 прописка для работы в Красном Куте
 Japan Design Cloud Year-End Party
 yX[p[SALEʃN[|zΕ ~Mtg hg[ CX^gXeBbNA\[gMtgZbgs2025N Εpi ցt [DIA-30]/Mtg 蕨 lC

Task statement - The full listing must be retyped exactly as it stands.

Exercise result -
 прописка для работы в Красном Куте
 Japan Design Cloud Year-End Party
 yX[p[SALEʃN[|zΕ ~Mtg hg[ CX^gXeBbNA\[gMtgZbgs2025N Εpi ցt [DIA-30]/Mtg 蕨 lC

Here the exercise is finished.